**EXERCISE INSTRUCTIONS**
Your copy should hold only the lines from the one holding "New 2027 Wind Chill Pearl Toyota LE image 37" through the last line of the records below, both included, each exact and with no pictures.

**DATASET RECORDS**
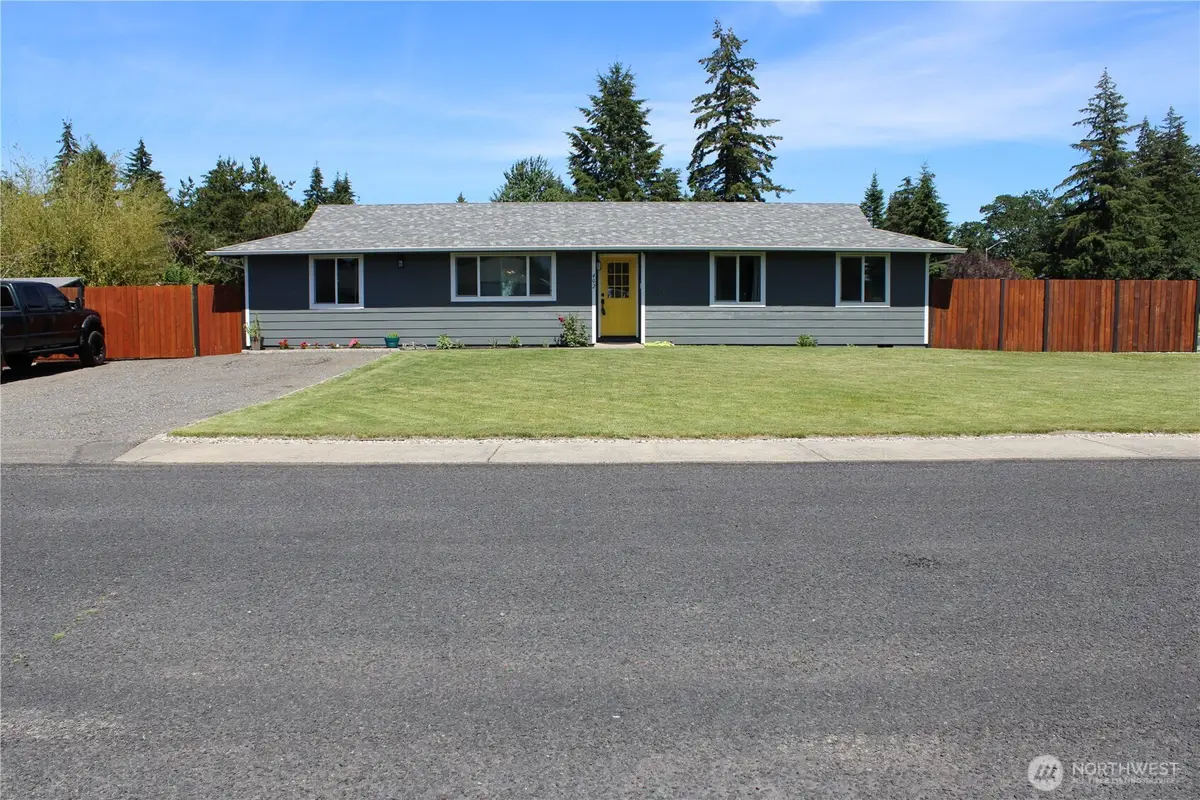 402 California Avenue N, Rainier, WA 98576 - #1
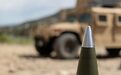 美国展示最新火炮炮弹 采用火箭助推射程达40公里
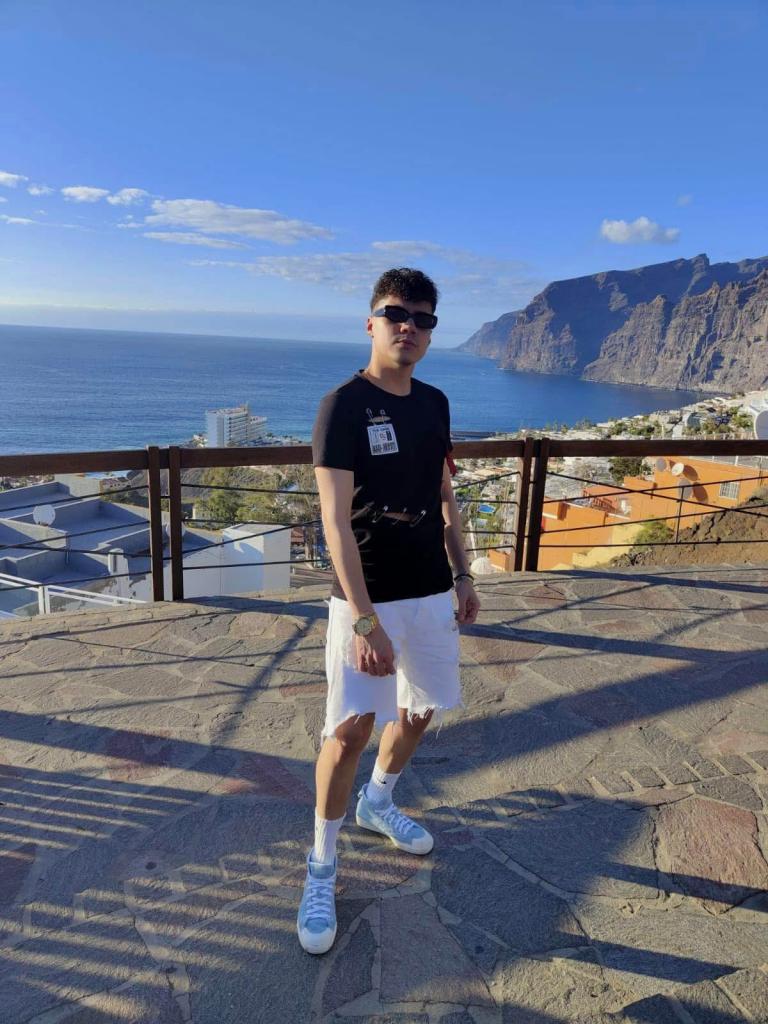 722273794: Chico busca chica en Barcelona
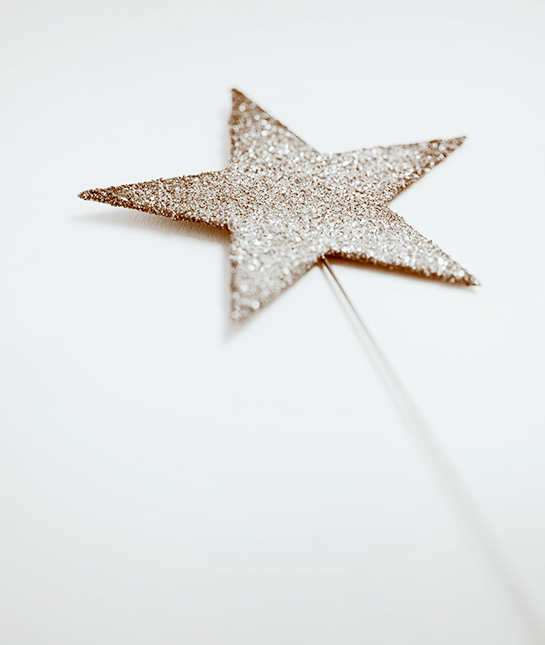 87373-mom_toysannoyparents_02_sparkle_getty_492690223.jpg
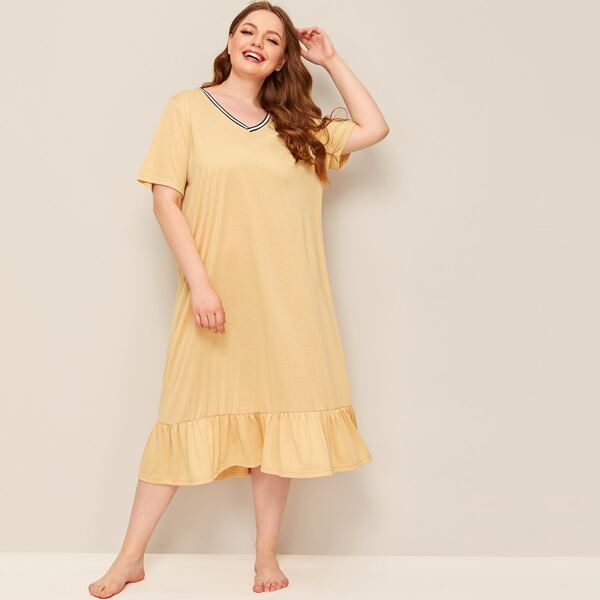 Plus Striped Neck Ruffle Hem Night Dress, Yellow gold 
Plus Striped Neck Ruffle Hem Night Dress, Yellow gold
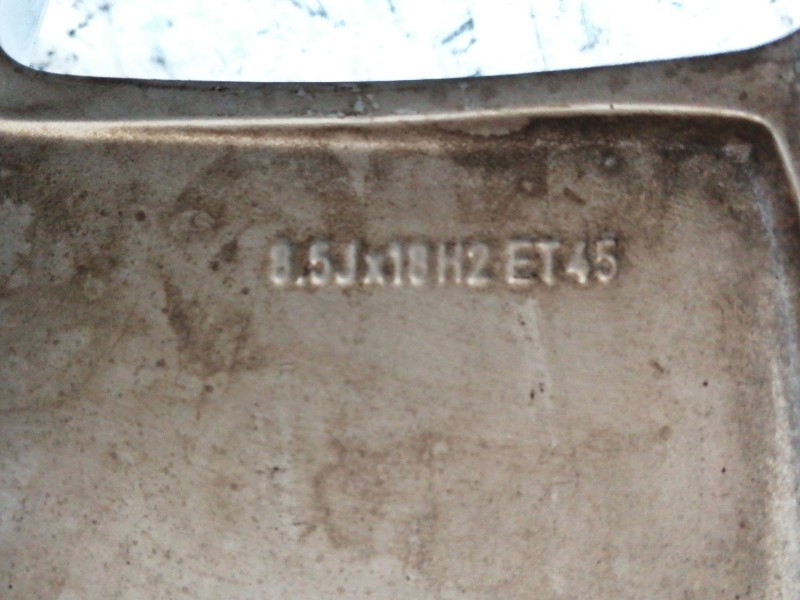 Recambio de neumatico repuesto para audi a8 (4e2) 4.2 quattro referencia OEM IAM 18´´ET45 4E0601025M 8.5X18H2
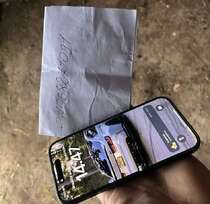 Parduodu Puiku Naudota iPhone 15 128GB telefoną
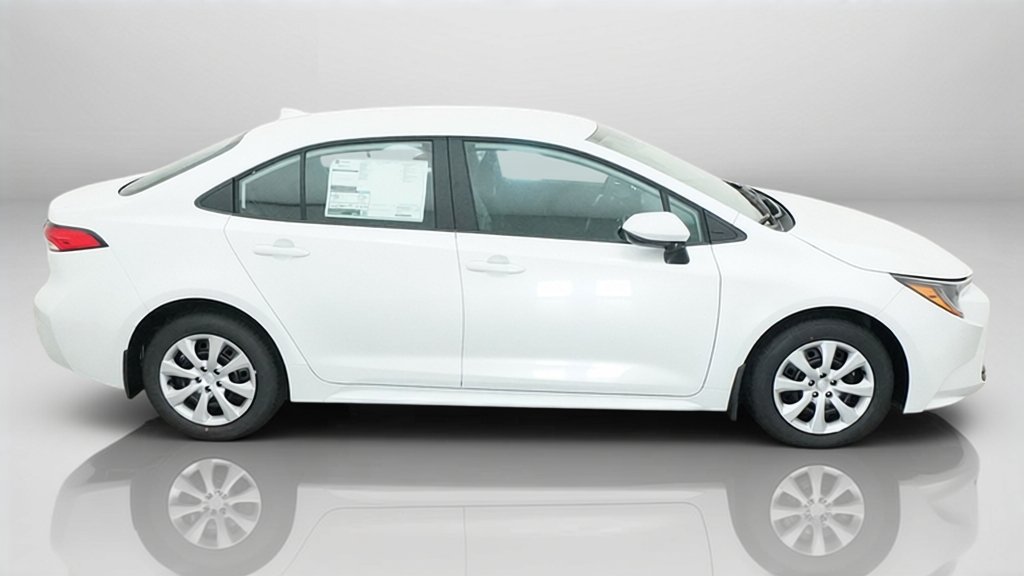 New 2027 Wind Chill Pearl Toyota LE image 37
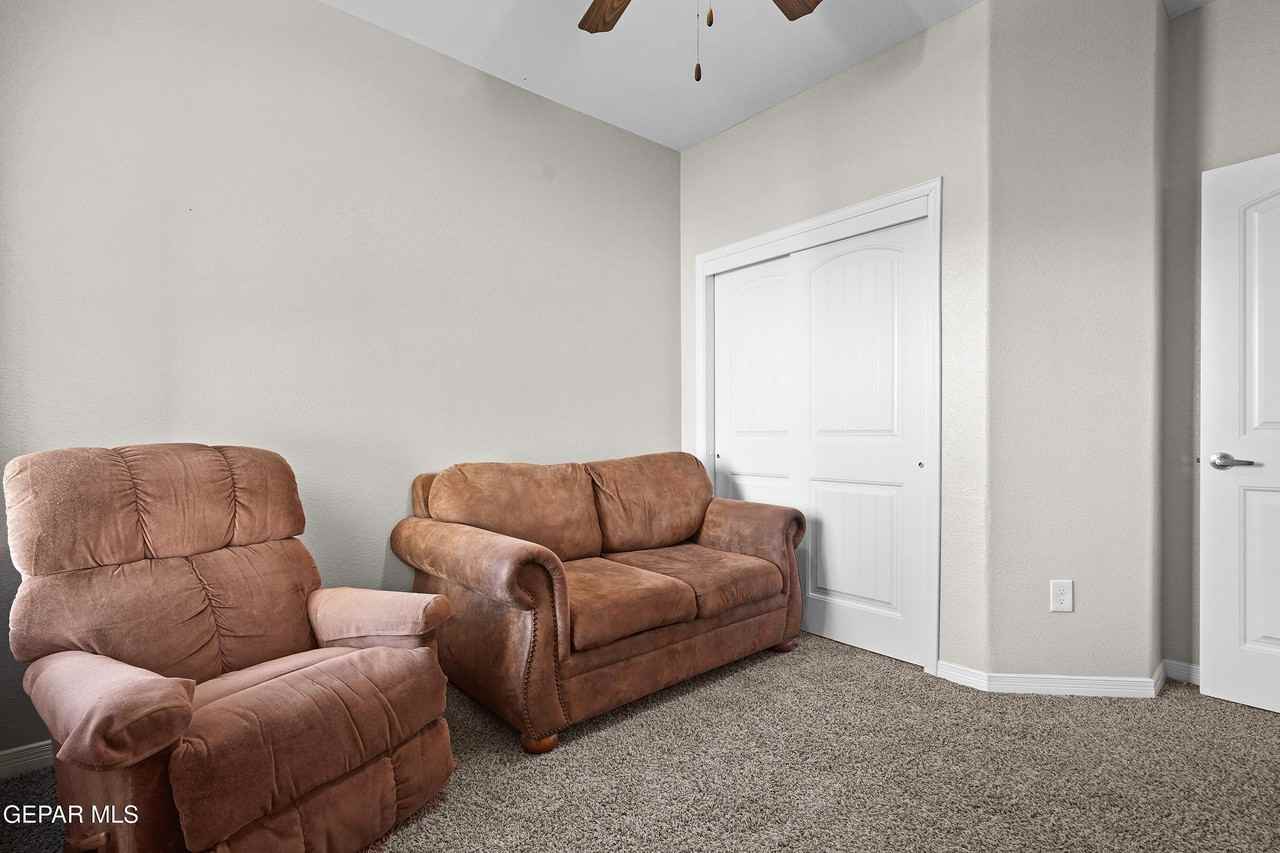 3637 Grand Cayman Ln - Photo 7 of 32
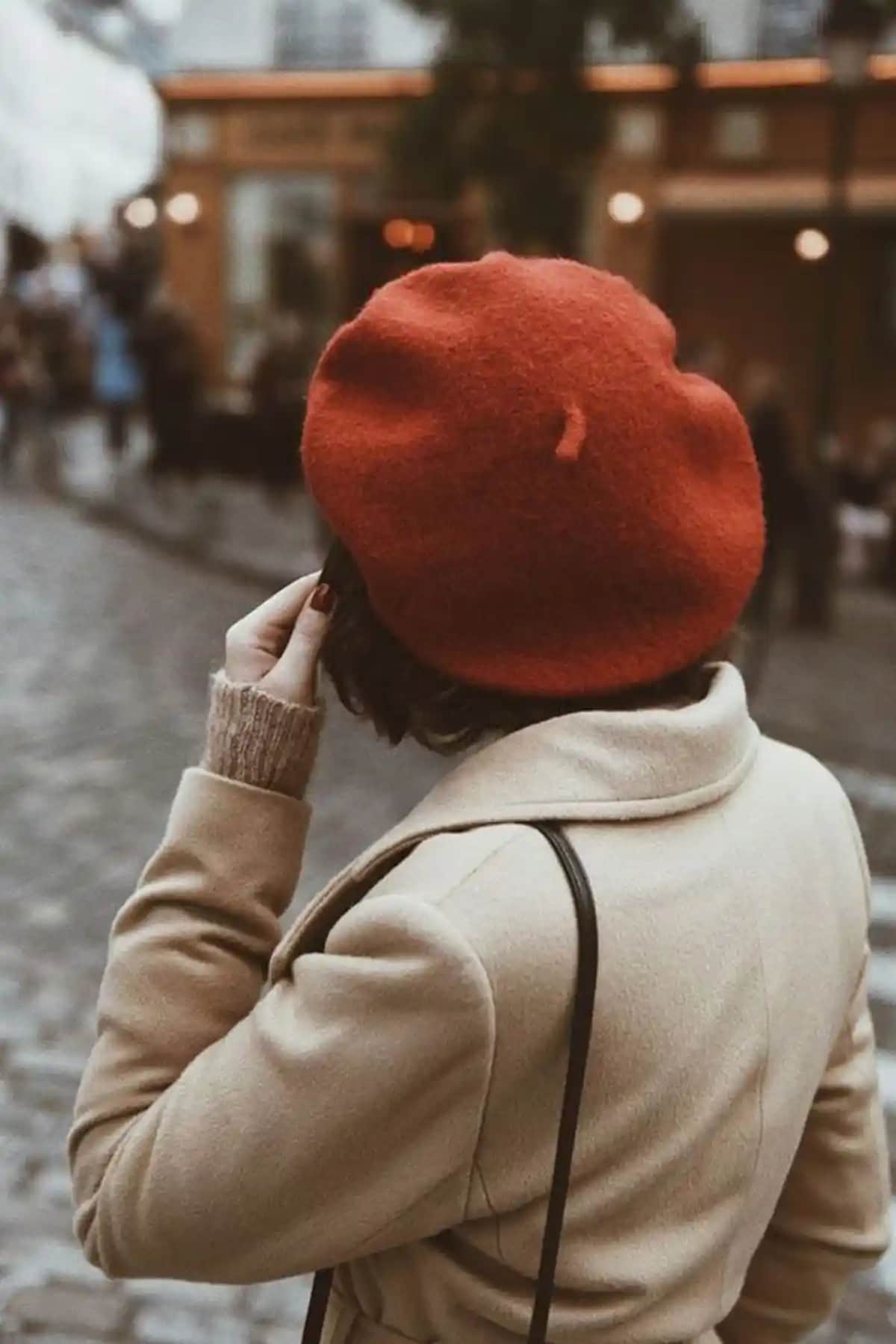 Ritagarcia Fransız Keçe Kiremit Ressam Bere: Şık ve Konforlu Kış Aksesuarı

**ANSWER AREA**
 New 2027 Wind Chill Pearl Toyota LE image 37
 3637 Grand Cayman Ln - Photo 7 of 32
 Ritagarcia Fransız Keçe Kiremit Ressam Bere: Şık ve Konforlu Kış Aksesuarı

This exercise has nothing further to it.